Amer eschews an original score in favour of using old soundtrack cues from giallo composers such as Ennio Morricone and Bruno Nicolai. Did you consider soliciting a new score for the film, or did you decide to use old favourites early on?
We are soundtrack collectors and we were listening to those scores when we were writing the script at home, so they inspired us. At the end we couldn’t imagine the sequences without them! It was funny to re-use the music far from its original context and to change its meaning. (For instance, picking a poliziottesco [Italian crime movie centred on a typically male “tough cop” character] tune to demonstrate the intimacy of a young girl).

You two are a couple. What’s it like immersing yourself in a project that deals so darkly with notions of sexual awakening, titillation, desire and dread with the person you love? Could either of you have made this film with anyone else?
It’s because we are a couple that we can work together. It would have been impossible to make the film with someone else. We trust in each other and we can speak honestly about intimate things. That’s why we can collaborate.
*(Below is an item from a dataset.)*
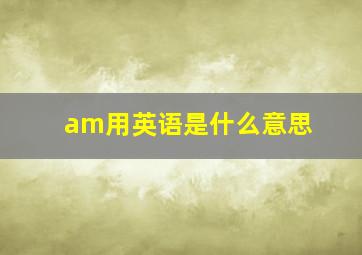 am用英语是什么意思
How have audiences – many of whom might never have seen an original giallo – been responding to Amer?
As we drive the film in a cinematographic way — there is no explicative dialogue — the images can keep a rich polysemic value and offer different levels of reading. That creates a very unique relationship between the film and the spectator. The audience has to take their place in the movie by this open way of seeing the film. It’s a personal experience each time.
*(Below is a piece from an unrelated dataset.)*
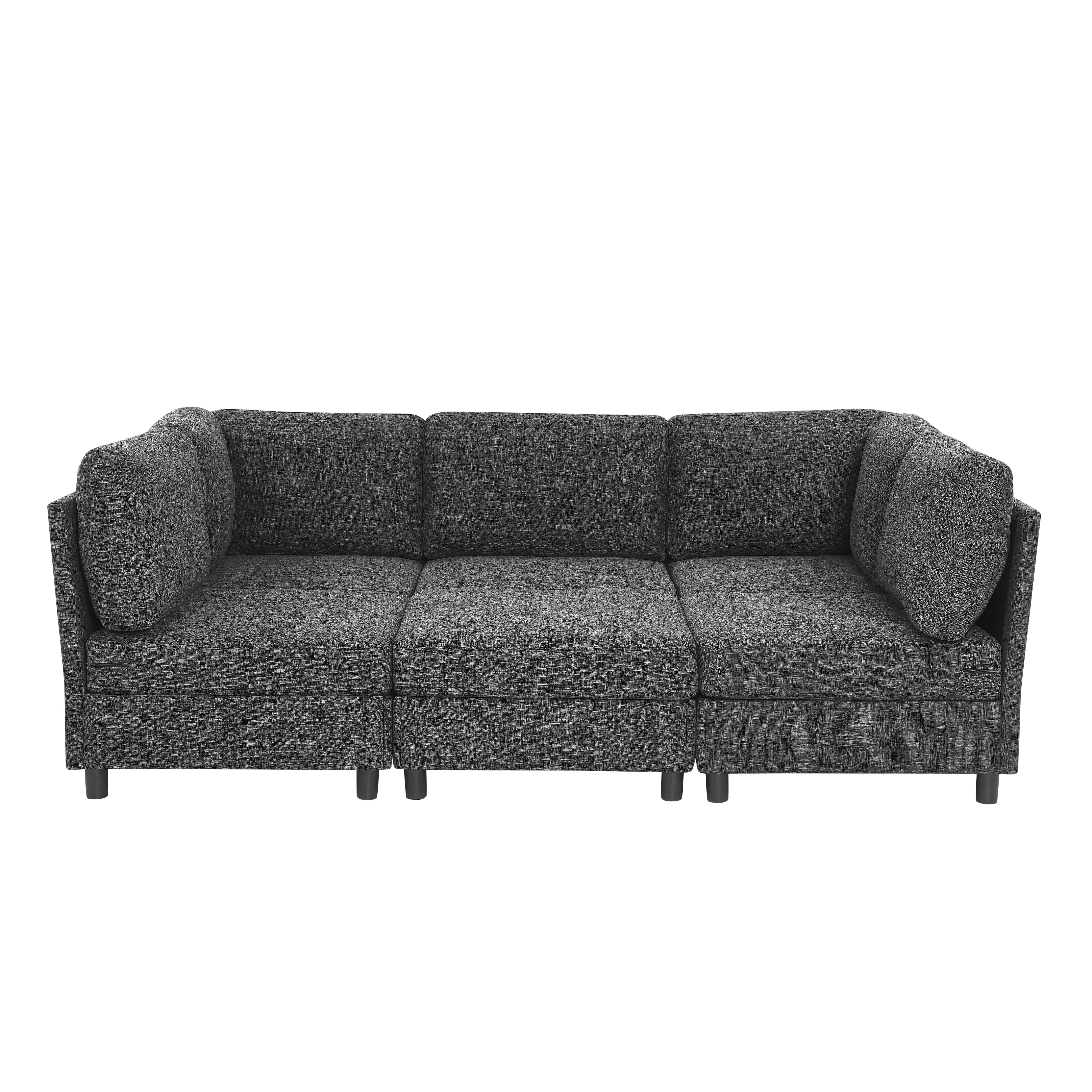 MAYEERTY 94.5 Inch Modular Corner Sectional Sofa, Freely Configurable Modern Couch with Convertible Ottoman & Sturdy Support Legs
But in general, we can say that the audience who knows giallo movies is more focussed on how we have used giallo iconography, while the audience who doesn’t know them is more focused on the subject of the film.

How can people see Amer? Any word on a possible Australian release?
We know that there are negotiations with Australian distributors. But we don’t know more than that for the moment.

Finally, what’s next for you both? Are you done with giallo, or do you intend to experiment further with the genre?
With our next feature, we want to explore the detective aspect of the giallo, but still with our “introspective universe.” And from a male point of view this time!

Learn more about Amer at the film’s official website.

2 Responses

  1. jane.kay

    please can this come to australia – i’ve heard so much about it. great interview!

  2. Thanks Jane. I hope the film makes its way to our shores soon too. I saw it in New York earlier this year as part of the MoMA’s ‘New Directors, New Films’ programme and was very impressed. If you’re a giallo enthusiast, it will prove right up your alley. Might have to settle for an import of that UK DVD for the immediate future, however!